§ **Task details**: Your response should contain every line from the data below that holds the string "large".

§ **Material shown**:
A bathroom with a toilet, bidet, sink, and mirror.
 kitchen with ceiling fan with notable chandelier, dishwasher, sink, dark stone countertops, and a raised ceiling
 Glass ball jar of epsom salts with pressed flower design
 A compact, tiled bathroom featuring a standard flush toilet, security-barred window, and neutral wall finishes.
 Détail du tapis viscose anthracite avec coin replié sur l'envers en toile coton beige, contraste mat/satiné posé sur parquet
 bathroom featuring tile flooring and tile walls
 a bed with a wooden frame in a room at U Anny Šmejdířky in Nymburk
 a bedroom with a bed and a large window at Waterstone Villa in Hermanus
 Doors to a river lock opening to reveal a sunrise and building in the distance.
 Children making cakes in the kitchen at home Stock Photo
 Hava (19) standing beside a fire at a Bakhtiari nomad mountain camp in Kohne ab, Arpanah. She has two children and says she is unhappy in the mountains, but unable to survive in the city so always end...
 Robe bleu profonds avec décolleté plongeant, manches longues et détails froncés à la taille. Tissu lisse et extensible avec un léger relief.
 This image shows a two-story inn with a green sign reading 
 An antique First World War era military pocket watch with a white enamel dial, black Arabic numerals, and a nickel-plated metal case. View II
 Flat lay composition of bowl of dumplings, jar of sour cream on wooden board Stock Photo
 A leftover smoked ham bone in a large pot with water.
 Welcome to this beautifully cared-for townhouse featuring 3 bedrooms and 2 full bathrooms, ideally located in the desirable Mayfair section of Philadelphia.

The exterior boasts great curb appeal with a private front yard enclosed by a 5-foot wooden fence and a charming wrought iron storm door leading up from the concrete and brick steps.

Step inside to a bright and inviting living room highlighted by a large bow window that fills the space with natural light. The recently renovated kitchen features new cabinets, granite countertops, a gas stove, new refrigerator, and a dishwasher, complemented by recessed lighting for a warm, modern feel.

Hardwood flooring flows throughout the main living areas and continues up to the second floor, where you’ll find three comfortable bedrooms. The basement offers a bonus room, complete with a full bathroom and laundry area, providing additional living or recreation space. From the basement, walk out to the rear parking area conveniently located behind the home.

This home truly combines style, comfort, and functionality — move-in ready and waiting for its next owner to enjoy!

§ **Response to the task**:
 a bedroom with a bed and a large window at Waterstone Villa in Hermanus
 A leftover smoked ham bone in a large pot with water.
Step inside to a bright and inviting living room highlighted by a large bow window that fills the space with natural light. The recently renovated kitchen features new cabinets, granite countertops, a gas stove, new refrigerator, and a dishwasher, complemented by recessed lighting for a warm, modern feel.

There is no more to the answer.